What to produce » In the data below, repeat the line containing "이장교내과의원 네이버블로그" and every following line exactly, up to and including the last line. Exclude pictures.

Data shown »

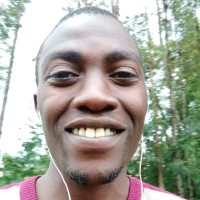 Dancun Mbiyia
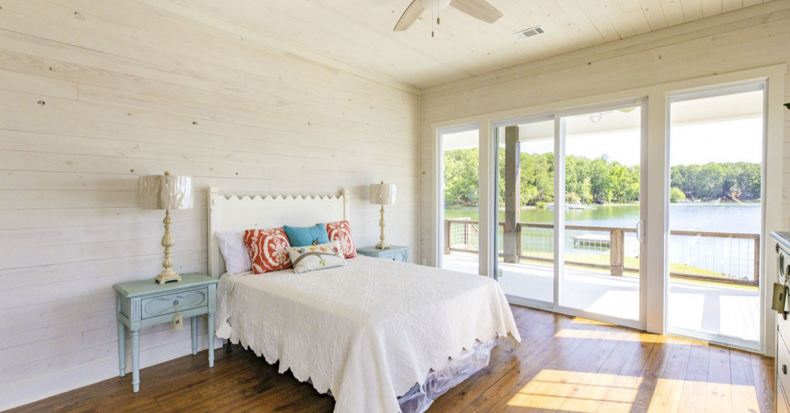 Newsweek AMPLIFY - 12 Best Beach House Newsweek AMPLIFY - 12 Best Beach House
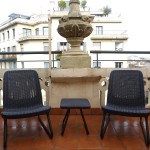 Gran Via Guest House image 6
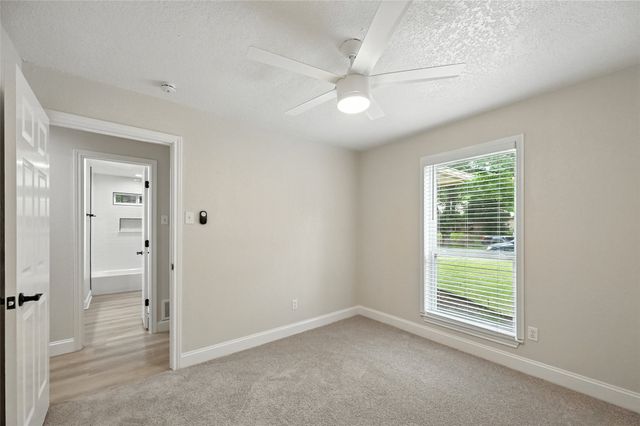 3505 Scott Drive, Rowlett, TX 75088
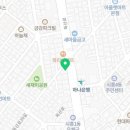 이장교내과의원 네이버블로그
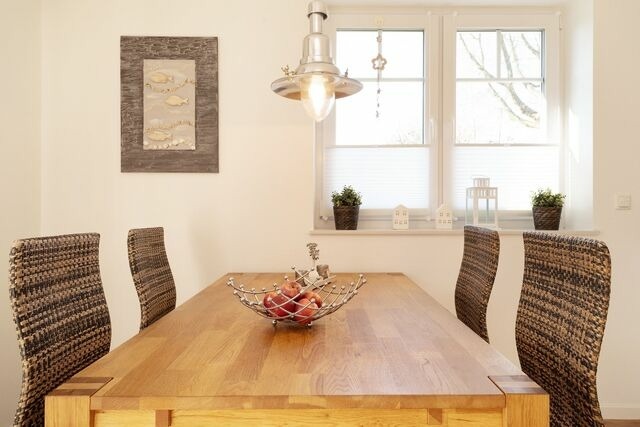 Ferienwohnung in Kellenhusen - Sch&uuml;tzenweg 3 Muschelbucht - Bild 16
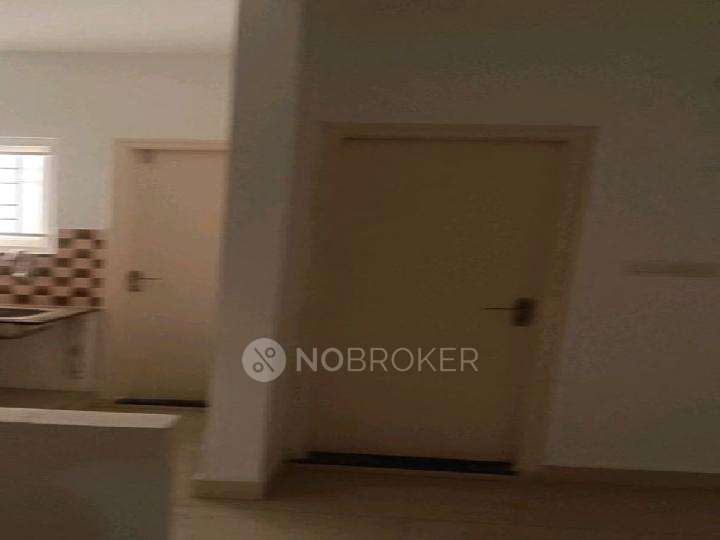 2 BHK Flat In Janapriya Unnati For Sale  In Patancheru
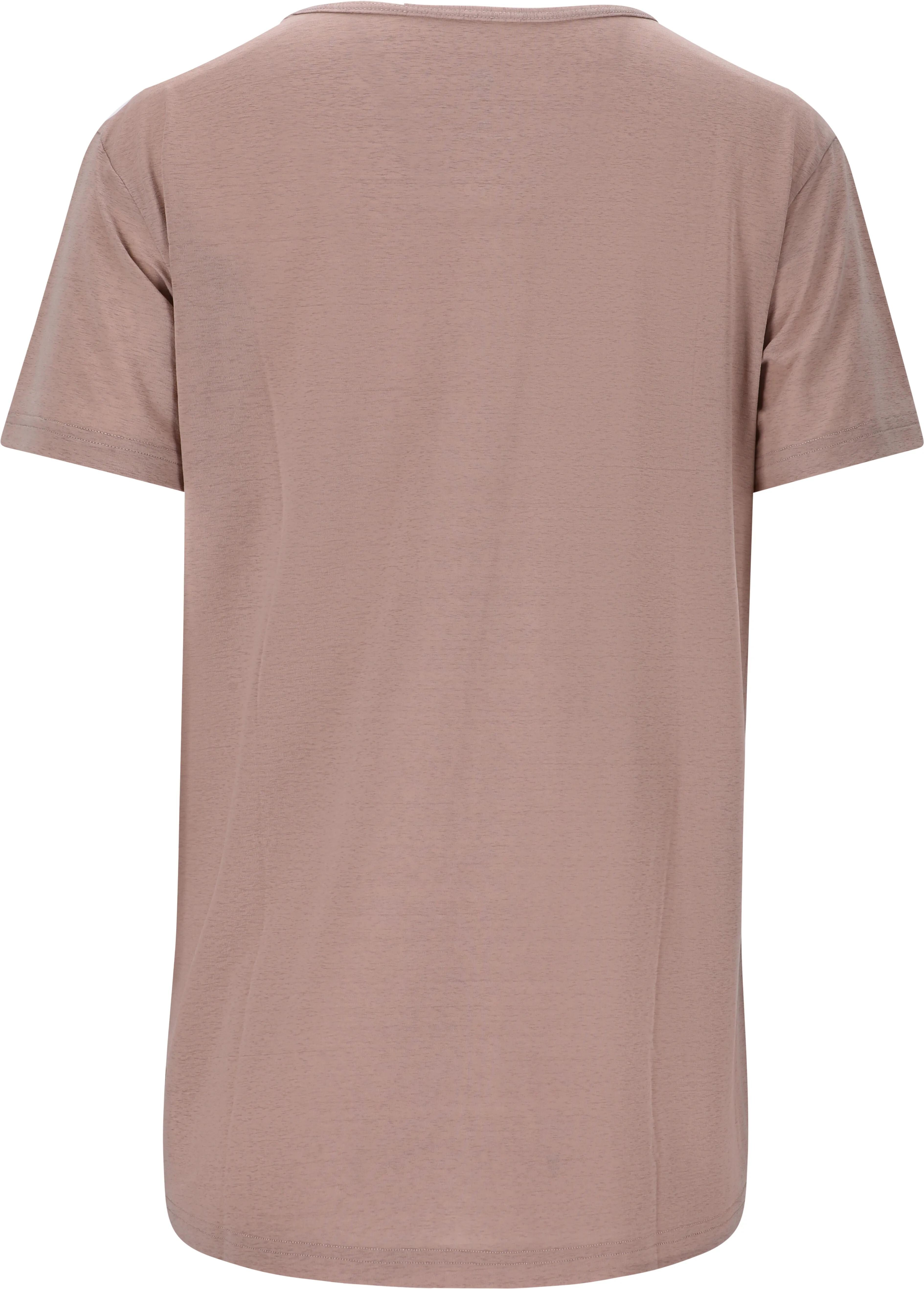 Women's T-shirt Athlecia Lizzy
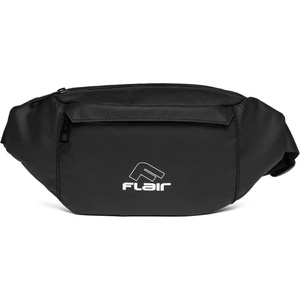 FLAIR Чанта за кръст 600027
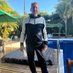 Jose Carlos Fontana (@josecarlos88470) Twitter profile photo Jose Carlos Fontana (@josecarlos88470) Twitter profile photo
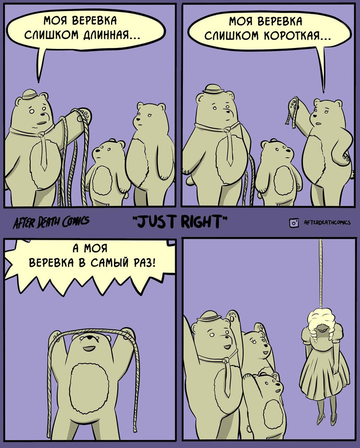 http://upforme.ru/uploads/0015/ec/e0/2293/t911690.png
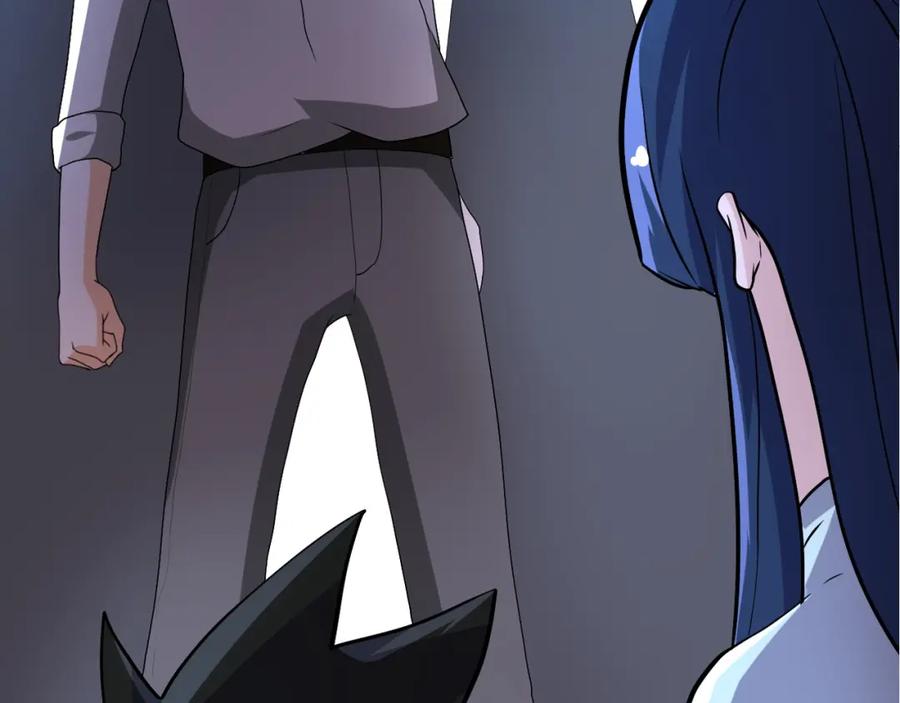 末世超级系统 第98话 鸿门宴全军覆没？ 第112页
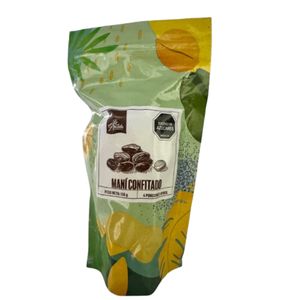 Mani Dulce C/Miel Hac La Giralda 150 g
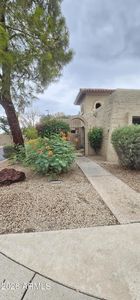 3007 W PHELPS Road, Phoenix, AZ, 85053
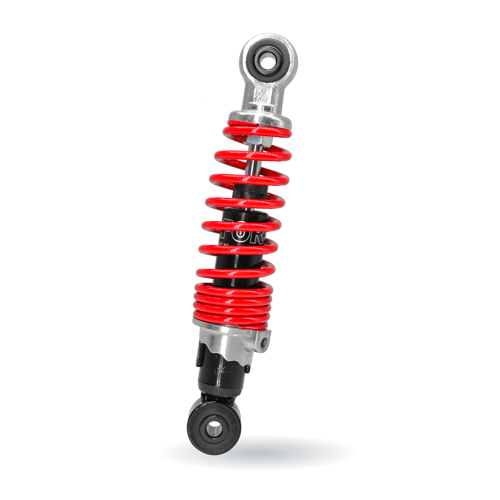 Performance Shock Absorber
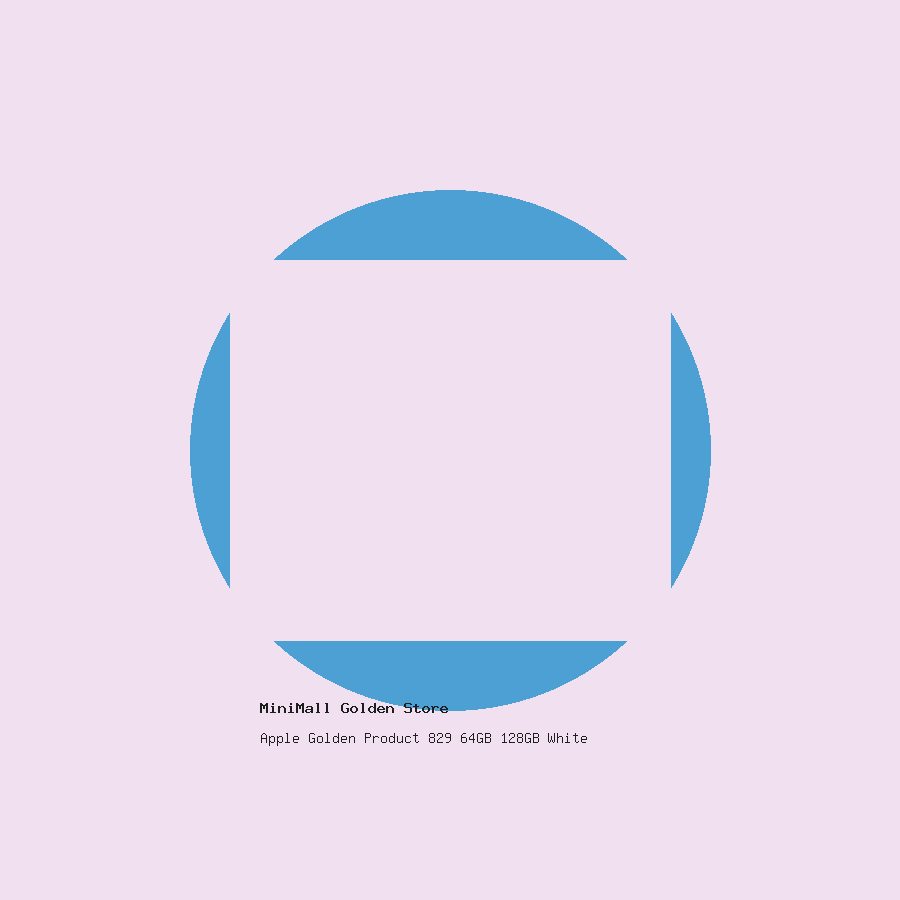product-844-main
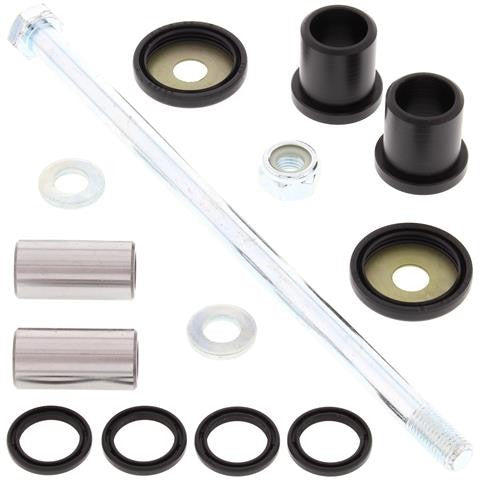 All Balls Swing Arm Bearing Kit - CRF/XR 50/70, Z50 - Factory Minibikes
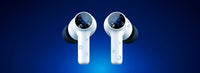 Hammerhead V3 X HyperSpeed for PlayStation - 5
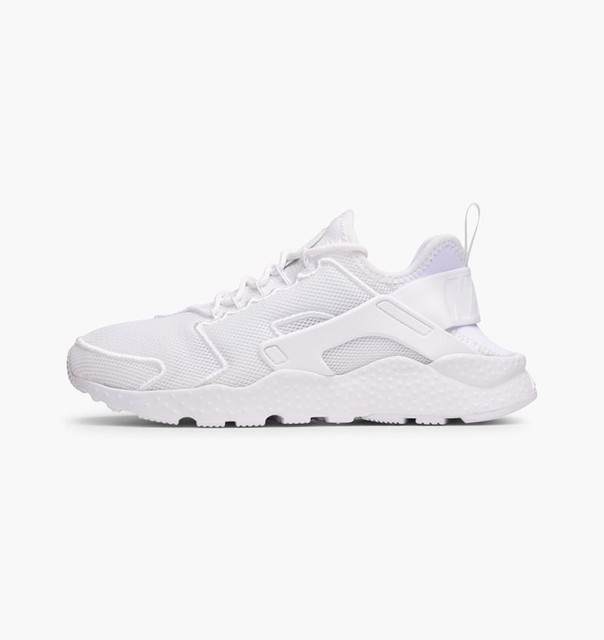 nike wmns air huarache run sneaker donna nike wmns air huarache run sneaker donna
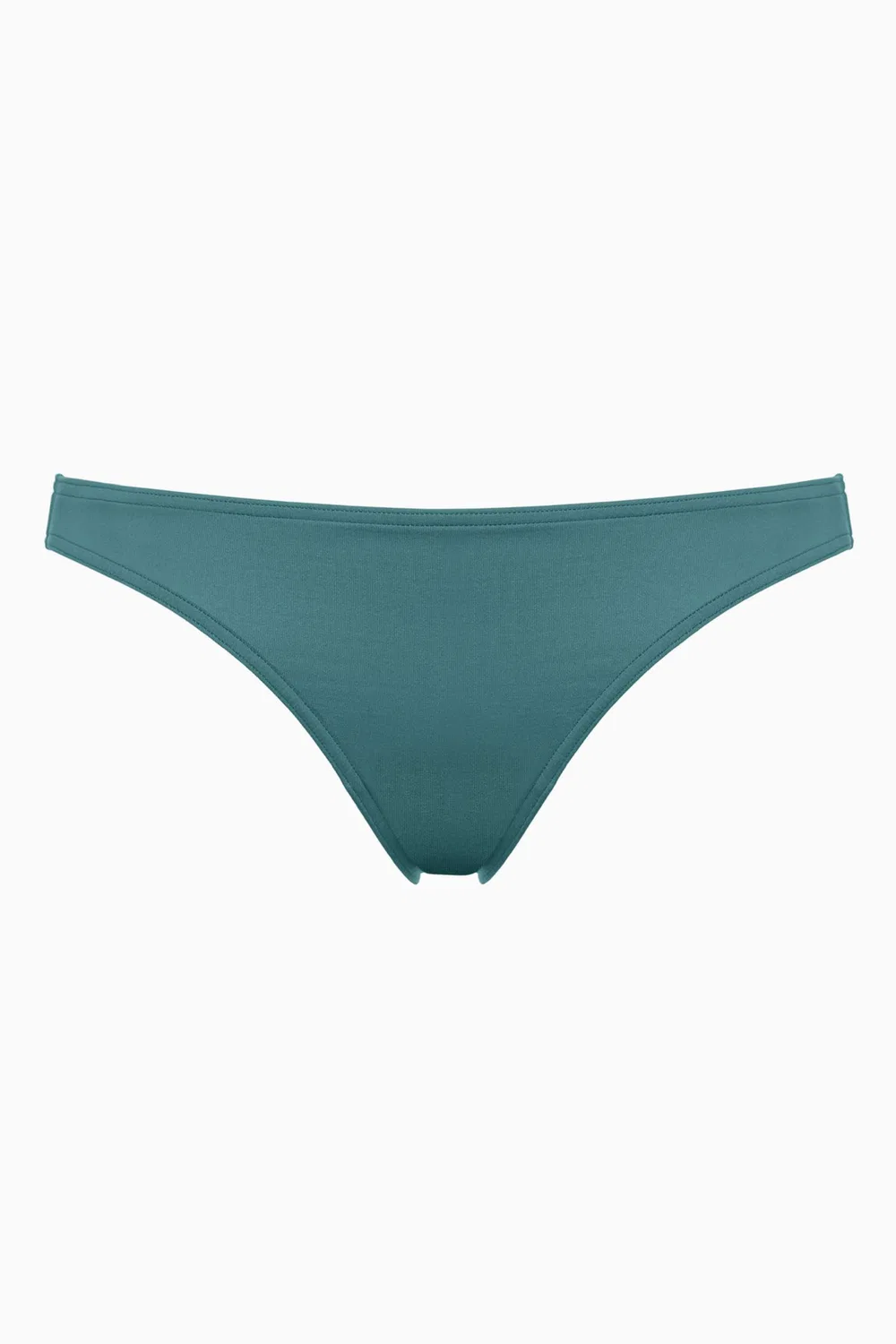 Плавки бикини классические Fripon Classic ERES
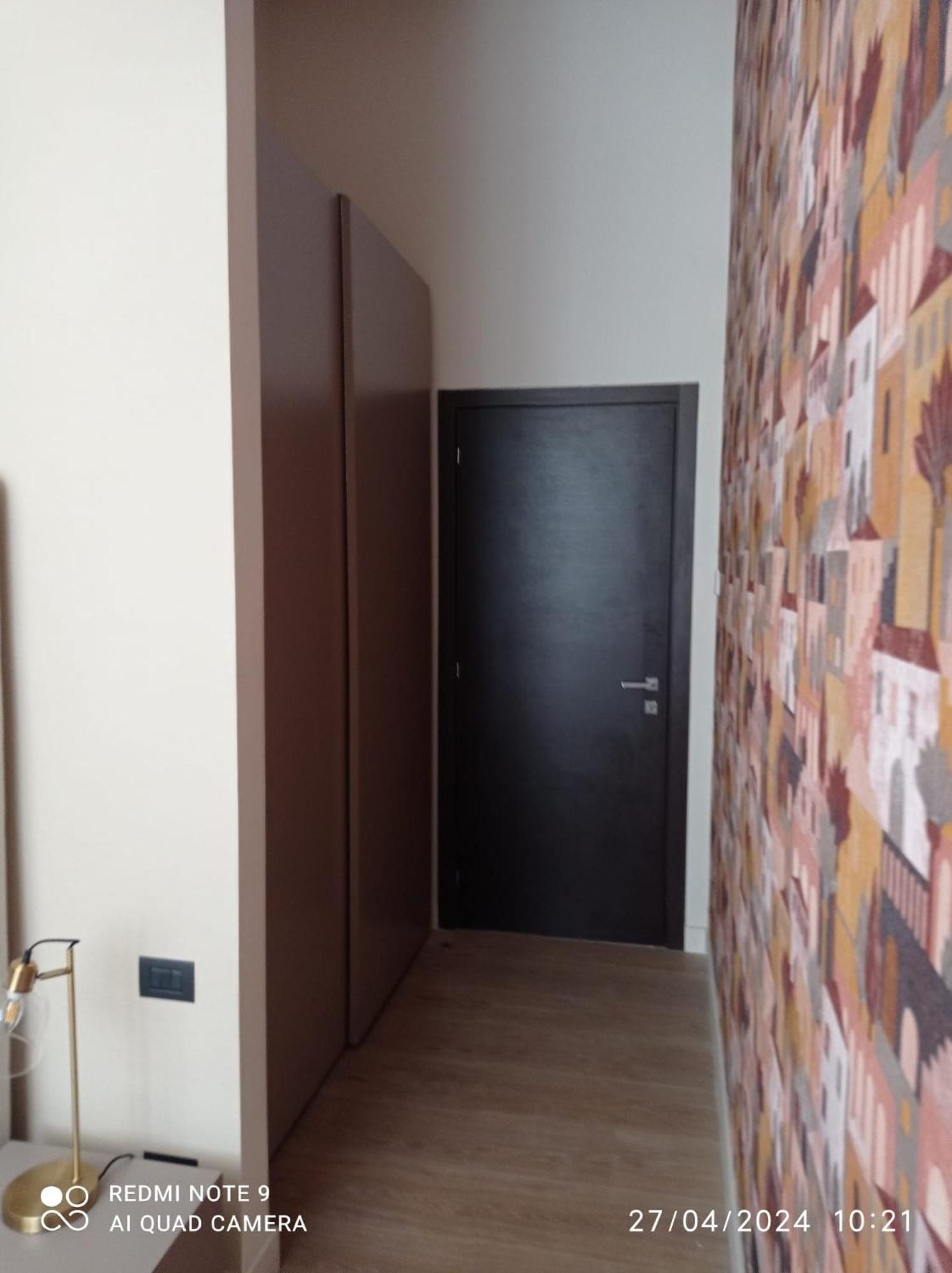 Apartment Margherita Naples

Task answer »
 이장교내과의원 네이버블로그
 Ferienwohnung in Kellenhusen - Sch&uuml;tzenweg 3 Muschelbucht - Bild 16
 2 BHK Flat In Janapriya Unnati For Sale  In Patancheru
 Women's T-shirt Athlecia Lizzy
 FLAIR Чанта за кръст 600027
 Jose Carlos Fontana (@josecarlos88470) Twitter profile photo Jose Carlos Fontana (@josecarlos88470) Twitter profile photo
 http://upforme.ru/uploads/0015/ec/e0/2293/t911690.png
 末世超级系统 第98话 鸿门宴全军覆没？ 第112页
 Mani Dulce C/Miel Hac La Giralda 150 g
 3007 W PHELPS Road, Phoenix, AZ, 85053
 Performance Shock Absorber
product-844-main
 All Balls Swing Arm Bearing Kit - CRF/XR 50/70, Z50 - Factory Minibikes
 Hammerhead V3 X HyperSpeed for PlayStation - 5
 nike wmns air huarache run sneaker donna nike wmns air huarache run sneaker donna
 Плавки бикини классические Fripon Classic ERES
 Apartment Margherita Naples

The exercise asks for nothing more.